• **Instructions for the task**
Beginning at the line that contains "Чохол ROCK Guard with Magnetic" and finishing at the line that contains "фото №4, Кришка", output the data below exactly. Include both end lines and no pictures.

• **Provided material**
• • •
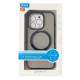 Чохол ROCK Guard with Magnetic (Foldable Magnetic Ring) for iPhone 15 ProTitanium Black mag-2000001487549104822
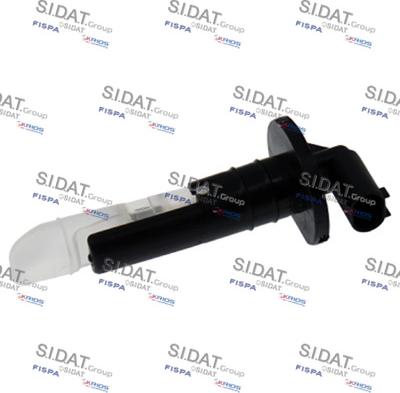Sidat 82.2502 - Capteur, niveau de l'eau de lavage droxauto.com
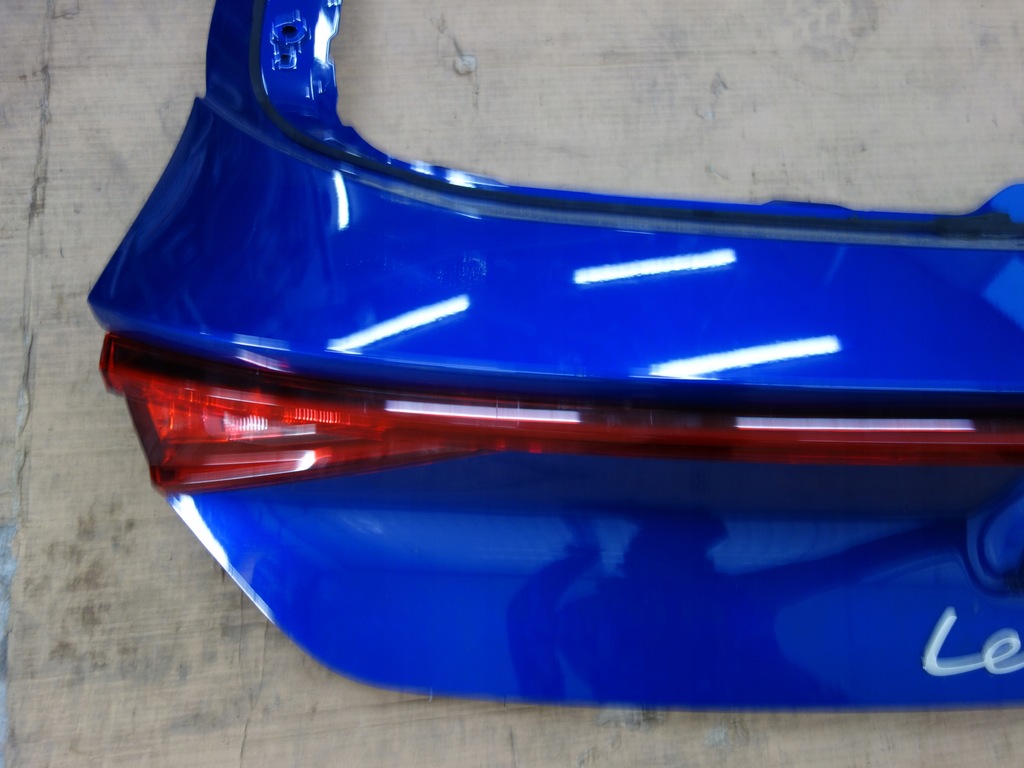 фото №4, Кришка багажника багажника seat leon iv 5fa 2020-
• • •
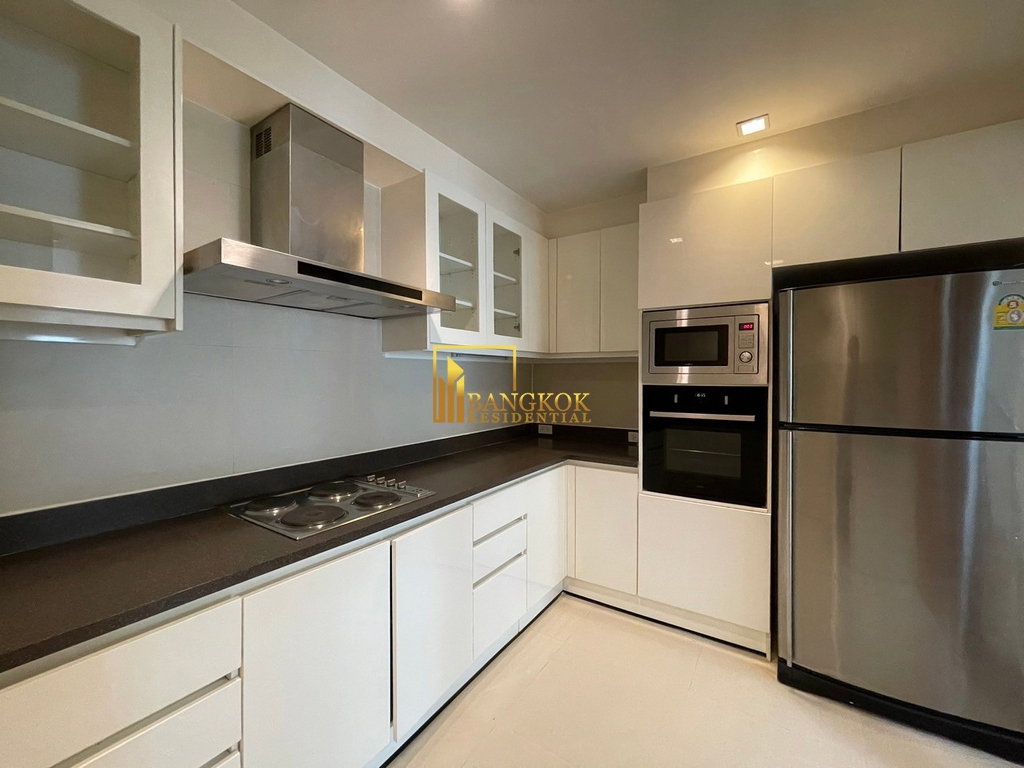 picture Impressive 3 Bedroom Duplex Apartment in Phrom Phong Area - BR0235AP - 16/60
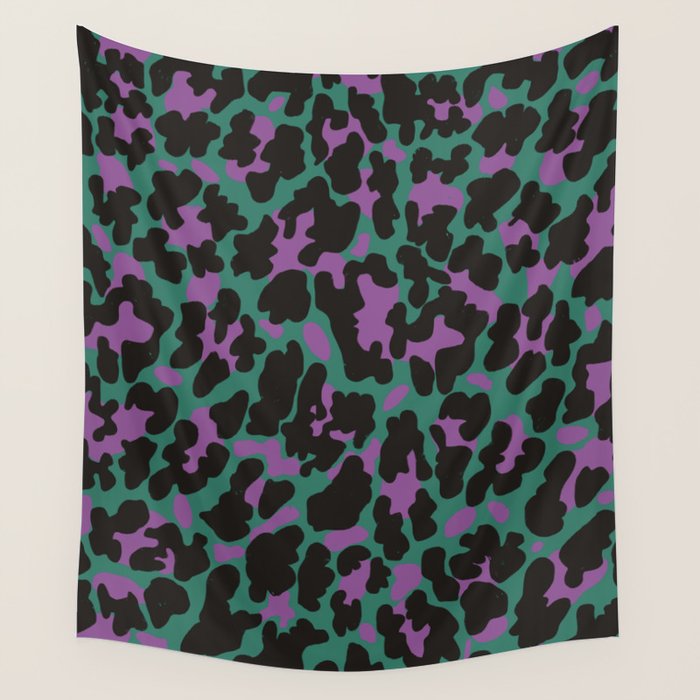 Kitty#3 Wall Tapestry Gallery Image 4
• • •
• **Answer box**
 Чохол ROCK Guard with Magnetic (Foldable Magnetic Ring) for iPhone 15 ProTitanium Black mag-2000001487549104822
Sidat 82.2502 - Capteur, niveau de l'eau de lavage droxauto.com
 фото №4, Кришка багажника багажника seat leon iv 5fa 2020-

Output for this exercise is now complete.